Morales has waged numerous high-profile battles against the governor since she took office in 2011.
He was one of four legislators who sued Martinez’s administration after it ordered 10,000 foreign nationals with New Mexico driver’s licenses to appear in Albuquerque or Las Cruces to prove that they were residents of the state. A state district judge issued a permanent injunction against Martinez’s maneuver, begun as she waged a campaign to repeal a state law that enables people without proof of immigration status to obtain a New Mexico driver’s license.
Martinez said the residency checks exposed fraud caused by the licensing law. Morales countered that Martinez trampled the constitutional rights of U.S. citizens and many legal immigrants with driver’s licenses. One of them was his sister-in-law, who had been a lawful U.S. resident for 14 years.
He also was among lawmakers who sued Martinez’s education secretary-designate, Hanna Skandera, after she implemented a rule tying teacher evaluations to their students’ performances on standardized tests. Another gubernatorial candidate, Sen. Linda Lopez of Albuquerque, also was party to that suit.
The Legislature had declined to approve a bill for the teacher evaluation system Martinez wanted. Skandera forged ahead anyway. “We can’t afford to wait,” she said.
Skandera won in the state Supreme Court and state District Court to keep the evaluation system in place. Another appeal is pending.
Even one of Martinez’s proudest accomplishments — legislation assigning grades of A, B, C, D or F to the state’s 830 public schools — has been challenged by Morales.
He says the grading system is volatile and inaccurate. Morales in 2013 persuaded the Legislature to approve his reform bill to fine-tune the formula while keeping the A-F grades. Martinez vetoed it.
Morales initially opposed the A-F grading system, one of 10 senators who voted against it in 2011.
He has connected with teachers, who could be an important voting bloc in the primary and general elections. The American Federation of Teachers has endorsed him, helping him move to the top position on the ballot with a win at the Democrats’ pre-primary convention.
Teachers still talk about Morales’ persistence on revising the school grading formula, and how his efforts led to a surprising admission by Martinez’s administration. One of her deputy education secretaries, Paul Aguilar, said the A-F grading system for schools was so convoluted that no more than five people in the state could understand it.

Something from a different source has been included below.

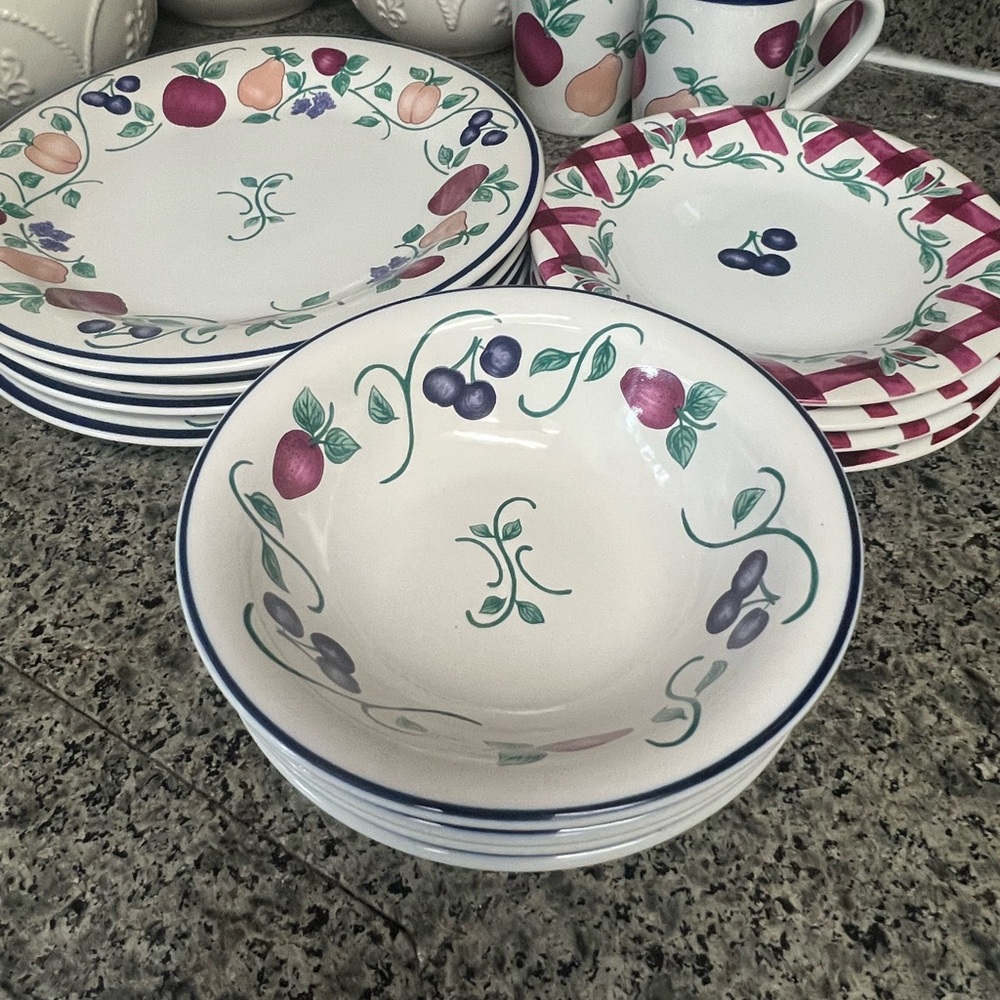 Princess House Fruit Design Dinnerware Set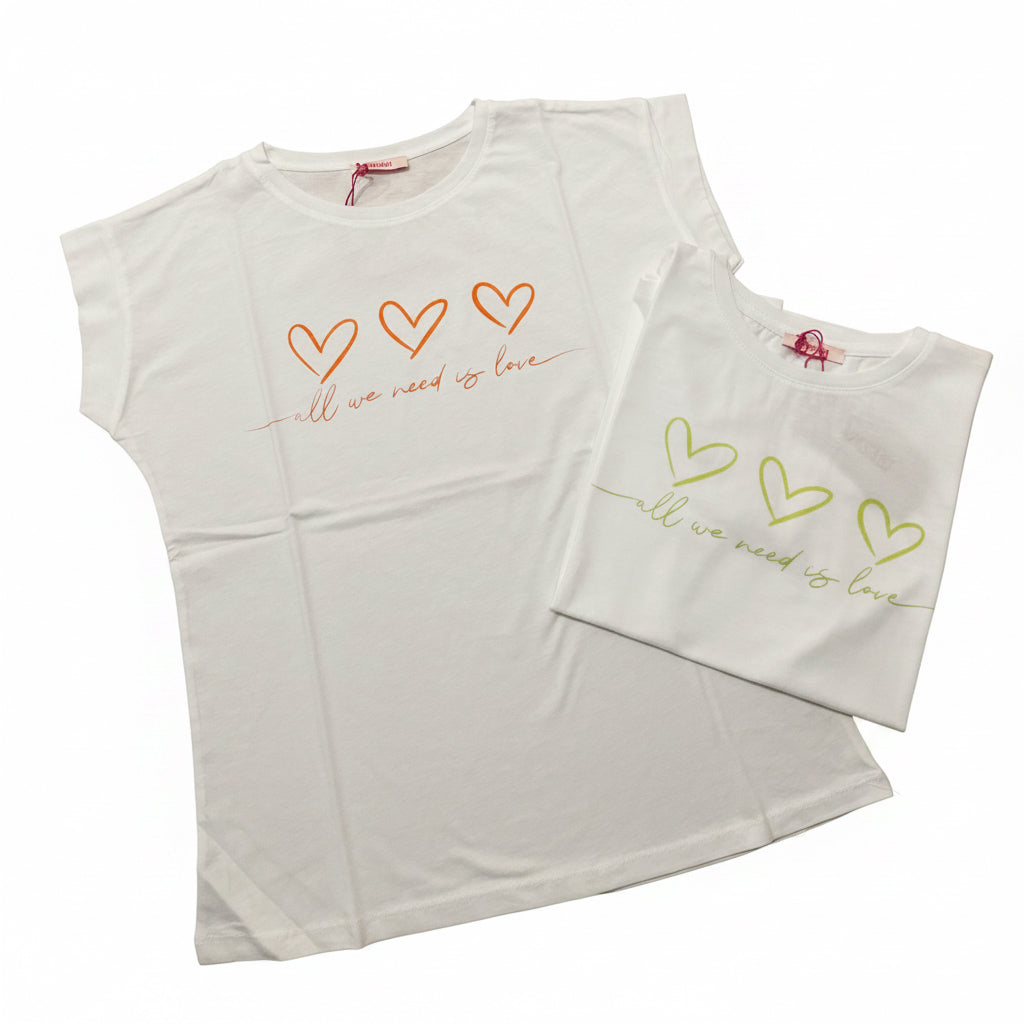 T-Shirt "all we need is love"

Morales grew up in Silver City, the oldest of four children. His father was a copper miner and his mother an educational assistant in schools.

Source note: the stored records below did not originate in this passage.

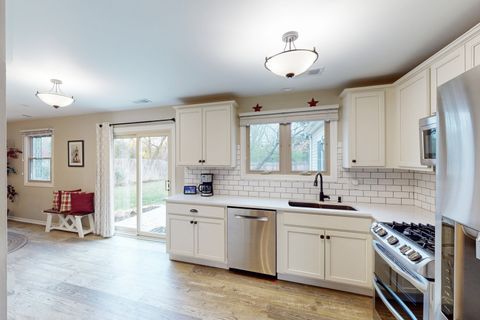 Tiny photo for 5150 Winona Lane, Gurnee, IL 60031 (MLS # 12667301)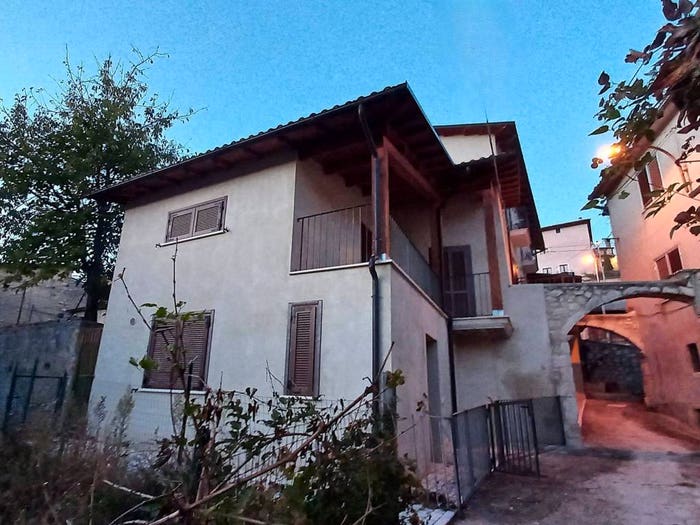 Casa bilocale in vendita in Via Trieste, Centro, Prata d'Ansidonia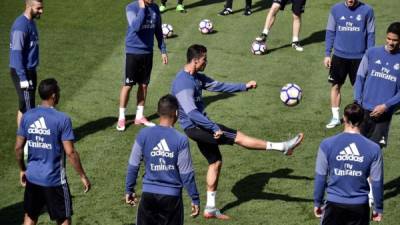 Los jugadores del Real Madrid en el último entrenamiento previo al partido contra el Barcelona. Foto AFP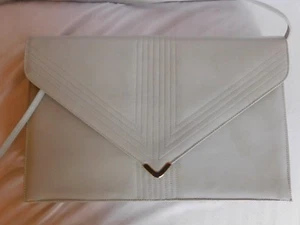 Vintage Cream Beige Flap Snap Lou Taylor Purse Clutch - Picture 1 of 4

“My dad didn’t graduate from high school, but he valued education,” Morales said.
Young Howie was a strong student and a gifted athlete. As a collegiate shortstop, he even drew a bit of interest from a scout with the Cleveland Indians. The scout suggested Morales, who had played for hometown Western New Mexico University, should transfer to a bigger school after Western dropped its baseball program in 1993, after Morales’ sophomore season.
But the additional cost of transferring was out of the question for Morales, who had academic scholarships at Western and was helping support his family as a shoe salesman at a local store.

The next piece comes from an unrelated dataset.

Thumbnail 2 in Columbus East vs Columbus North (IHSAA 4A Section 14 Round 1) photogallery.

Across the years, busts in the mining industry had created some hard times in the Morales household. Family members stood in line for government milk and cheese, an experience that left a lasting impression on Morales.
“I know the value of a dollar,” he says.
He remained at Western New Mexico, where he received his bachelor’s and master’s degrees in bilingual special education. Years later, in 2007, he went on to receive his doctorate in educational management from New Mexico State University in Las Cruces.
Teaching and coaching were his first jobs, but politics was soon in the mix. Morales won election as the Grant County clerk in 2004.
Then-Gov. Bill Richardson, a Democrat, appointed Morales to the state Senate in 2008 after the death of Sen. Ben Altamirano. Martinez’s campaign staff, persistent critics of Richardson, seized on Morales’ connection to the former governor as soon as Morales announced his own run for the state’s top office.
Her camp criticizes Morales as a candidate who would return to “the failed policies of Bill Richardson.” On another occasion, Martinez’s campaign staff said, “Morales cannot conceal his out-of-the-mainstream record, which includes voting to reinstate the food tax on hardworking New Mexicans.”
Legislators approved the food tax in 2010, but Richardson vetoed it. Morales said the veto meant another $68 million in state cutbacks, all of them made while Martinez was still a district attorney in Las Cruces.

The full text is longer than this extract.